Poverty is a complex phenomenon with deeply embedded root causes in political and economic structures. Limited infrastructure, discrimination and inequality, environmental degradation, social dynamics and poor economic and political policies all contribute to the persistence of poverty. Financial exclusion, which prevents access to capital and other financial services, perpetuates poverty among these groups. Smallholder farmers and micro-entrepreneurs in lower-income countries, especially women, face systemic challenges in accessing financial tools and services, hindering their economic situation and resilience to climate and economic shocks. About 25 percent of people worldwide don’t have a bank account. 26 percent of men and 32 percent of women are unbanked in developing countries, revealing a 6 percent gender gap. Many women with bank accounts still lack broader financial services, such as credit and insurance, further restricting their economic opportunities.
To address poverty, systemic and structural changes that go beyond individual-level barriers are needed.
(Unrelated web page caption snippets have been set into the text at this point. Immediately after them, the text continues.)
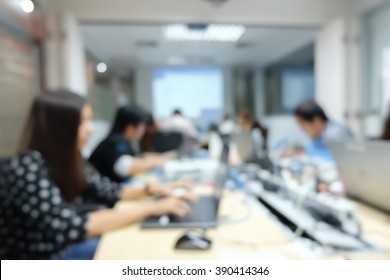 Blurred Group Of Employee Thoughtful Programming Code System In Information Technology Department.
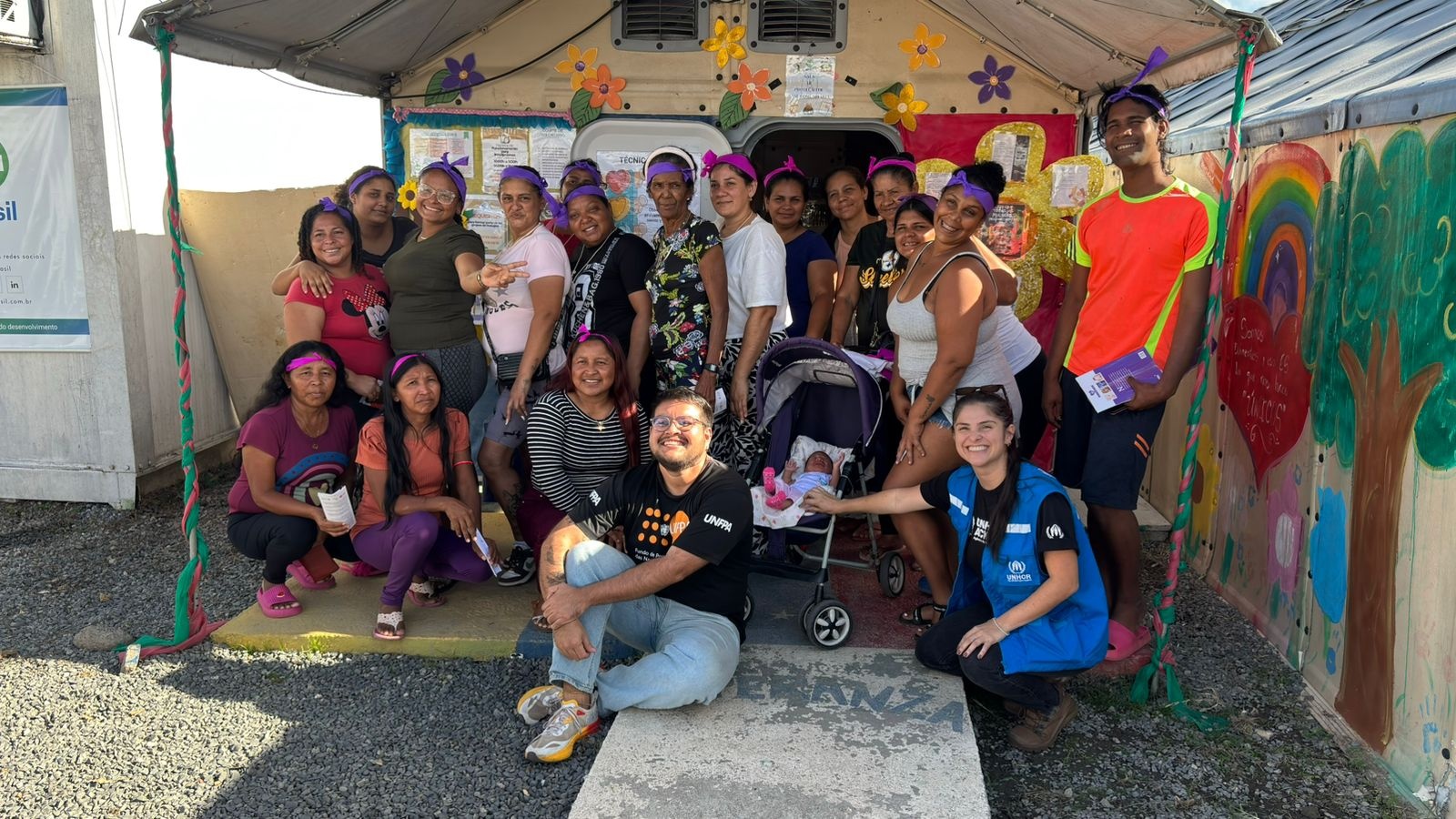 Grupo de mulheres refugiadas e membros de organiza&ccedil;&otilde;es parceiras posam em frente a uma estrutura decorada com flores e pinturas coloridas durante uma atividade do Dia Internacional da Mulher. As participantes usam viseiras roxas e sorriem para a foto; ao centro, h&aacute; um carrinho de beb&ecirc;. A cena ocorre em &aacute;rea externa, com murais pintados &agrave; m&atilde;o ao fundo e clima de celebra&ccedil;&atilde;o comunit&aacute;ria.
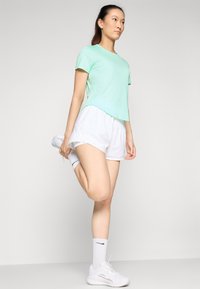 Mint zelena majica s kratkimi rokavi v kombinaciji z belimi kratkimi hlačami. Majica ima okrogel rob; model nosi bele atletske nogavice in teniske.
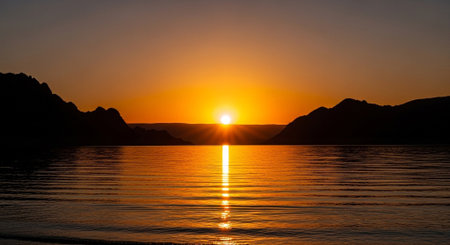 a scenic sunset over calm water with mountains in the background, a peaceful landscape viewの素材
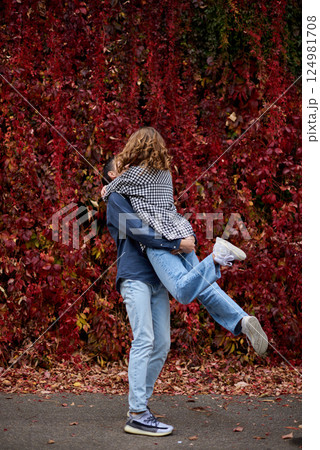 Young Cute Female Hugs Boyfriend. In Autumn Outdoor. Lovers Walking in Park. Attractive Funny Couple. Lovestory in Forest. Man and Woman. Cute Lovers in the Park. Family Concept. Happy Couple. Young Cute Female Hugs Boyfriend. In Autumn Outdoor. Lovers Walking in Park. Attractive Funny Couple. Lovestory in Forest. Man and Woman. Cute Lovers in the Park. Family Concept. Happy Couple. 124981708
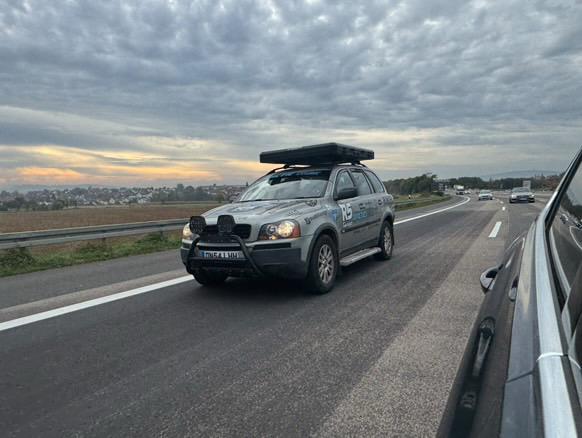 The XC90 with roof tent at speed on a motorway at dusk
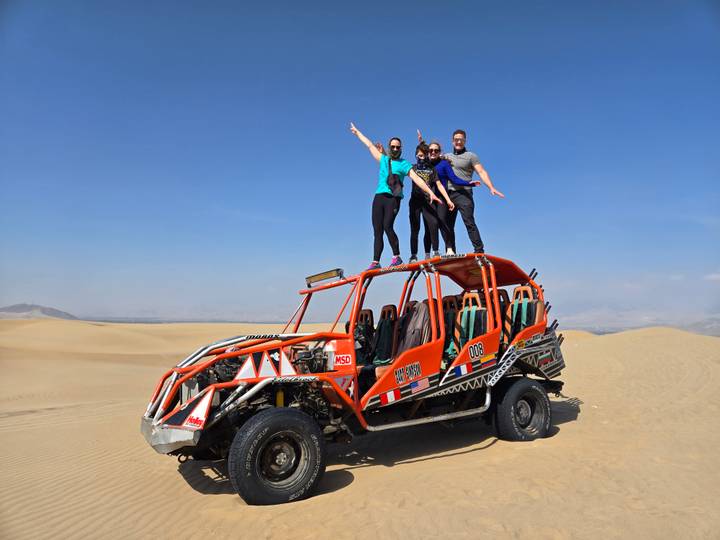 Grupo de personas posando en un buggy en el desierto.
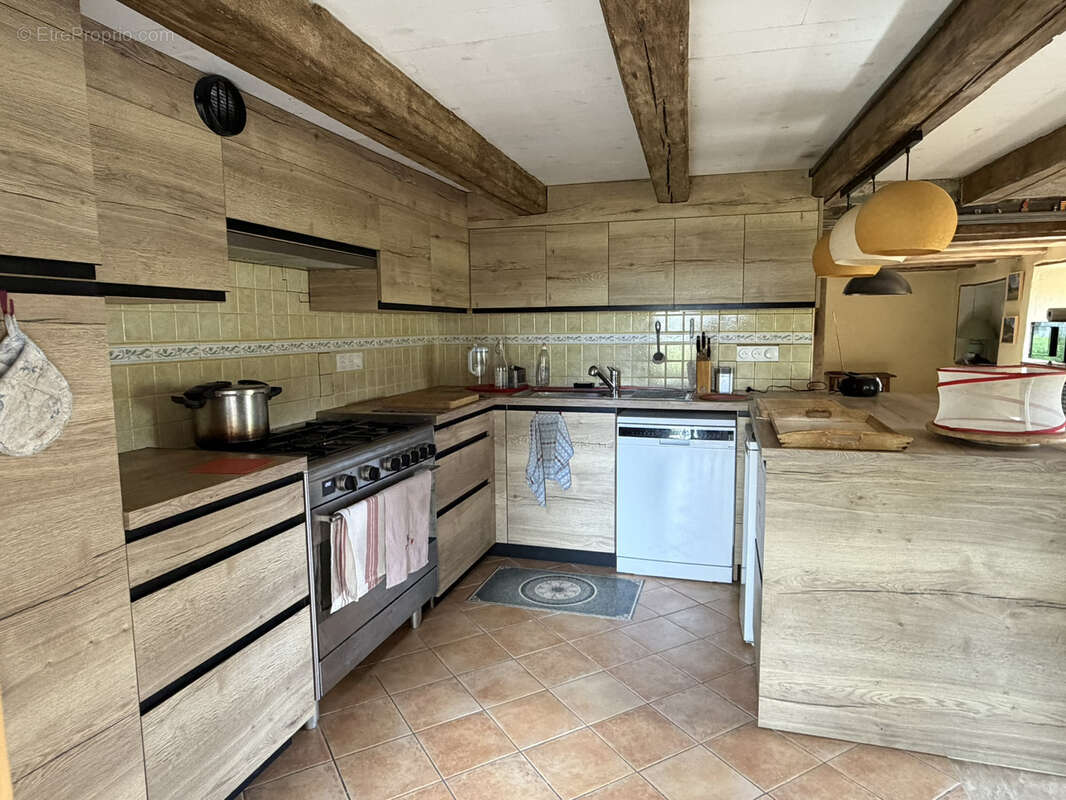 Maison à AUGEROLLES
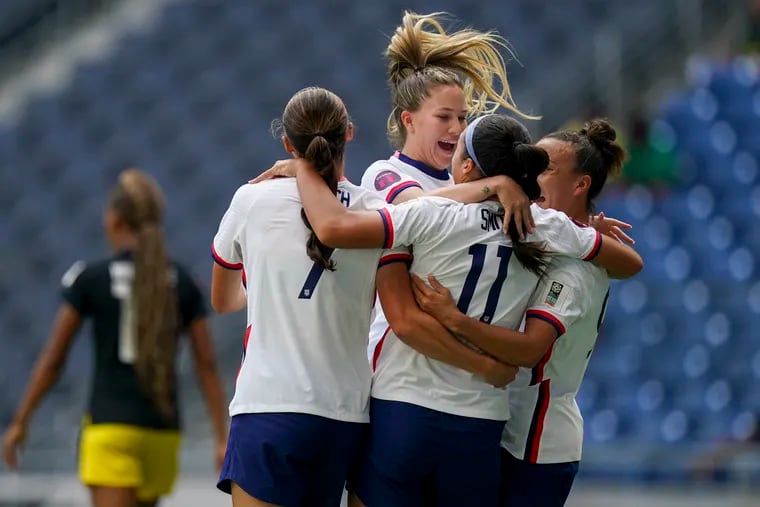 U.S. players celebrate with Sophia Smith (11) after one of her goals against Jamaica.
Among the systemic challenges that need to be addressed, financial exclusion is a significant one, and some of the key challenges include:
The gender gap
Despite comprising 43 percent of the agricultural workforce and producing between 60 and 80 percent of the food in lower-income countries, women globally own only an average of 15 percent of the land. Cultural barriers to land ownership, combined with limited access to financial education and a lack of financial products tailored to their needs, maintain gender disparities and leave women at a disadvantage when it comes to accessing capital and formal financial services. Additionally, rural populations, particularly women, frequently find themselves unable to access finance. The World Bank reported in 2021 that in countries affected by conflict, women are 37 percent less likely than men to have access to an account.
The cycle of financial exclusion
Smallholder farmers and micro-entrepreneurs in rural areas of lower-income countries often experience financial exclusion despite the presence of Microfinance Institutions (MFIs). Local MFIs are financial institutions that usually provide small loans to individuals who cannot access traditional banking services. However, smallholder farmers and rural micro-entrepreneurs are often considered high-risk borrowers by MFIs due to their reliance on seasonal crop harvests for income and their vulnerability to external factors such as climate change and pests. Barriers like insufficient identification, limited credit history, poor access to mobile phones and distance from financial institutions prevent SheCan’s target population from accessing financial services. Moreover, smallholder farmers and micro-entrepreneurs, especially women, often lack the financial literacy needed to navigate the financial system and the tools to securely and transparently deposit and track their savings. This results in a cycle of limited financial opportunities in rural areas, perpetuating the cycle of poverty and having a greater impact on women.
Demanding loan conditions
MFIs themselves face high loan servicing costs in rural and remote areas, as they lack the necessary infrastructure and digitization of their processes, which leads to expensive terms for potential clients in these areas. Besides high interest rates and commission fees, excessive collateral requirements often require smallholder farmers to access finance. This requirement disproportionately affects women, as they are significantly disadvantaged relative to men with regard to land rights and inheritance laws.